▶ [WORK ITEM]
Starting at the line that contains "Le mariage de", transcribe each line exactly through the end of the data below, and skip any pictures.

Caption-style text data
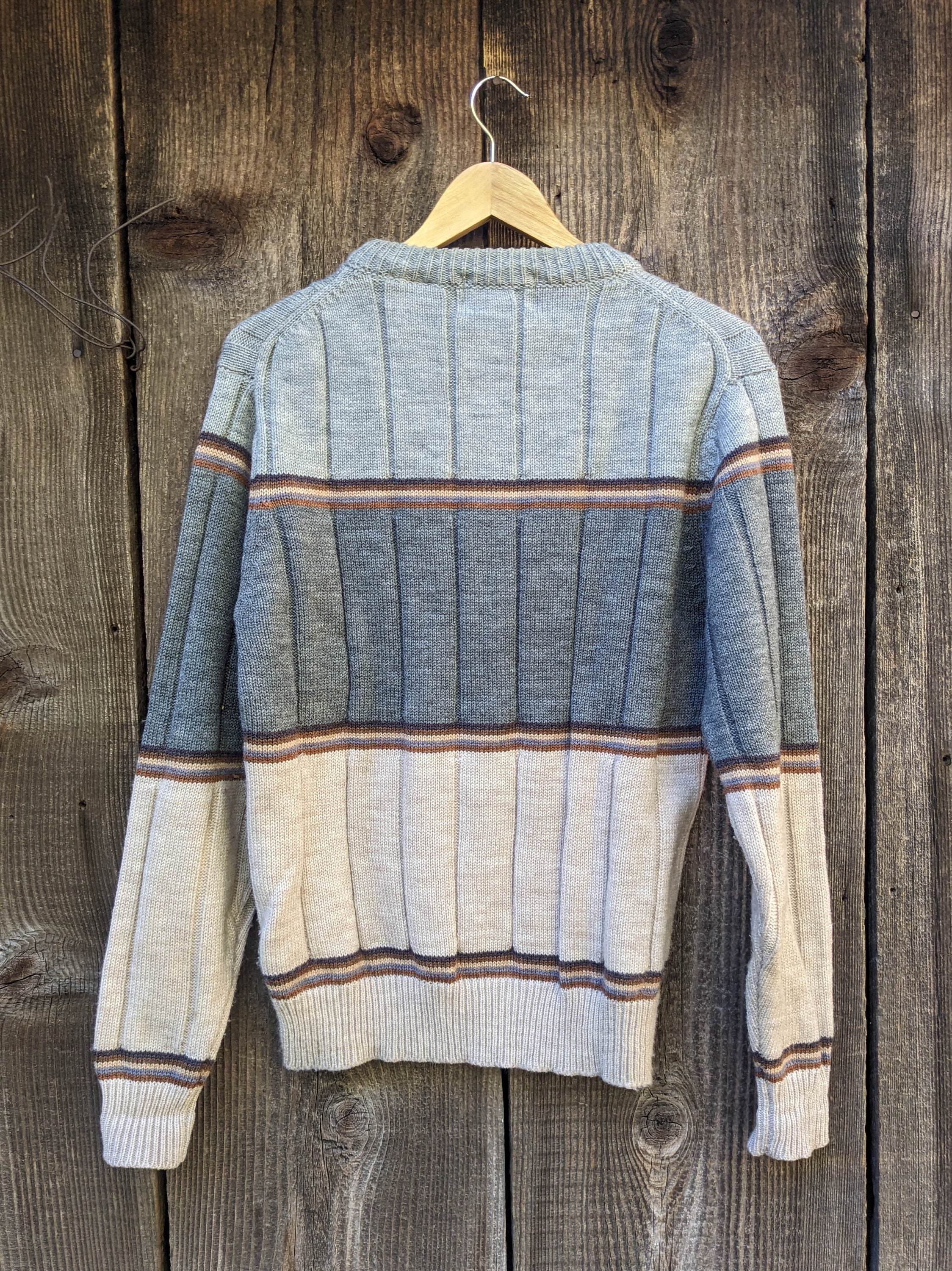 60s Vintage Striped Sweater / Sporty Retro Preppy Pullover Neutral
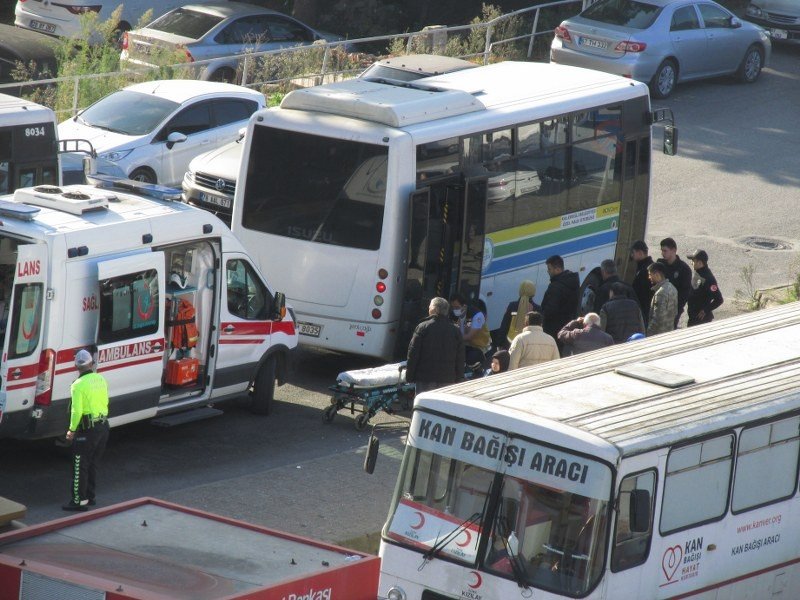 OTOBÜSTEN İNERKEN DÜŞTÜ - 3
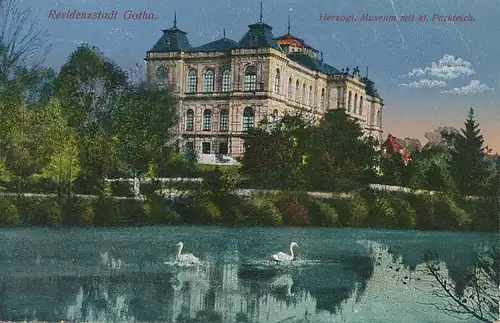 Gotha herzogl. Museum mit Teich feldpgl1917 114.882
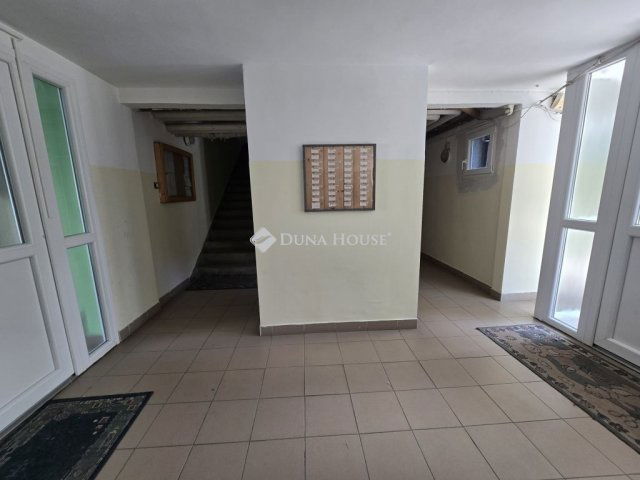 Eladó panellakás, Pécsett 40.9 M Ft, 2 szobás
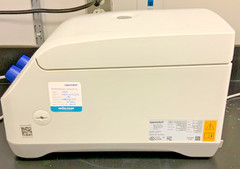 Eppendorf 5425 Benchtop Microcentrifuge w/FA-24×2 Fixed Angle Rotor 15K RPM 120V
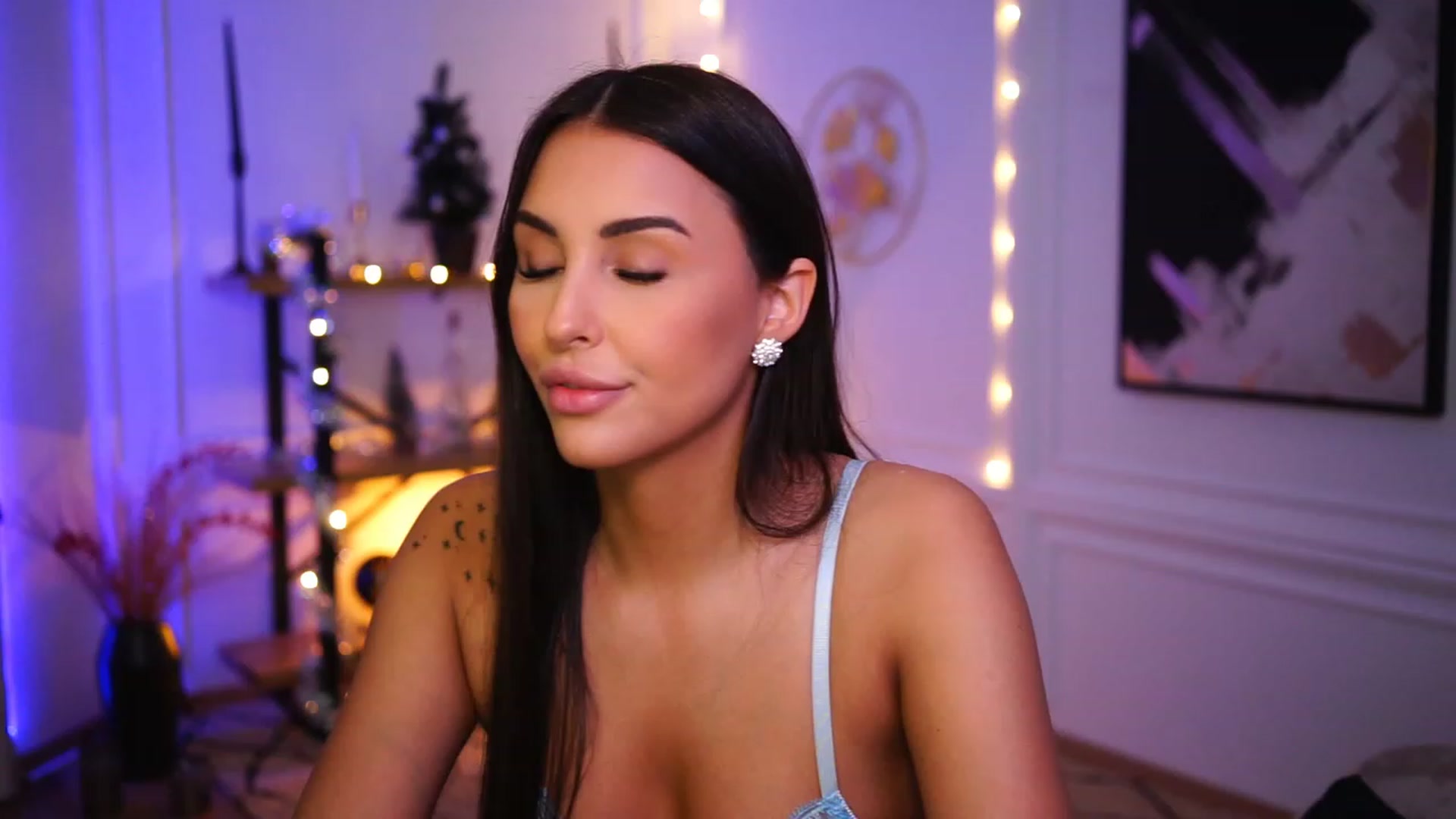 Gallery image thumbnail from Lisamelow's myfreecams stream on, 12/30/2022, 07:45 image 17 of 20
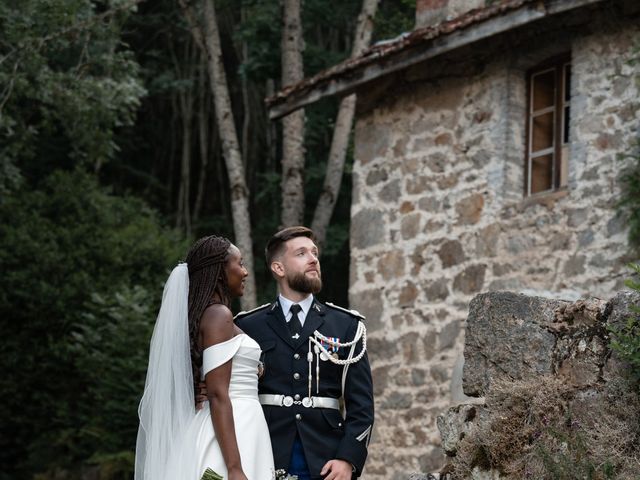 Le mariage de Aurélien et Darline à Lalouvesc, Ardèche 27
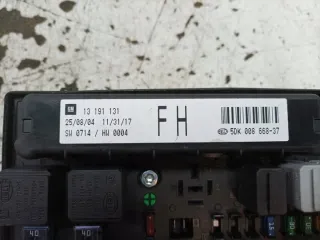 13191131 2004- Блок предохранителей Opel Astra H Арт e11670830, вид 2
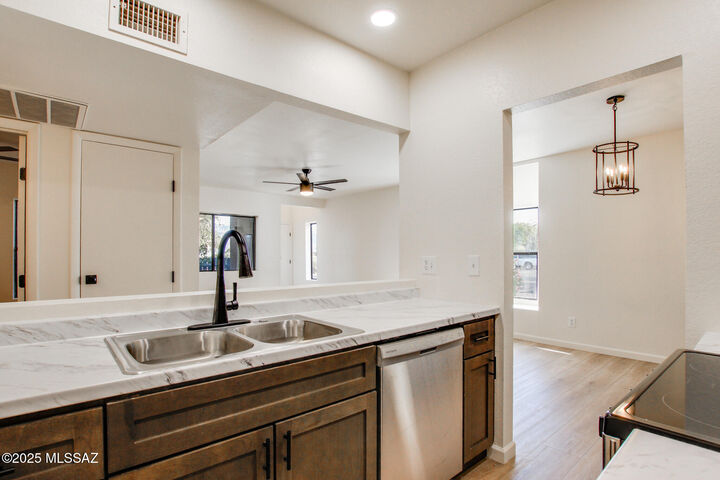 Property Photo:  8080 E Speedway Boulevard 607  AZ 85710 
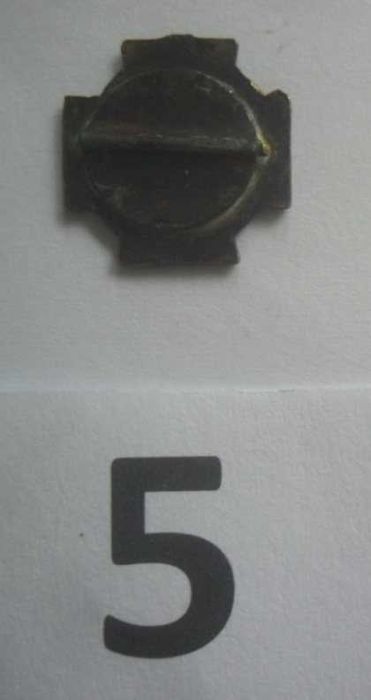 Княжевски двустранен позлатен медал и четири значки над 100 години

▶ [RESULT]
 Le mariage de Aurélien et Darline à Lalouvesc, Ardèche 27
 13191131 2004- Блок предохранителей Opel Astra H Арт e11670830, вид 2
 Property Photo:  8080 E Speedway Boulevard 607  AZ 85710 
 Княжевски двустранен позлатен медал и четири значки над 100 години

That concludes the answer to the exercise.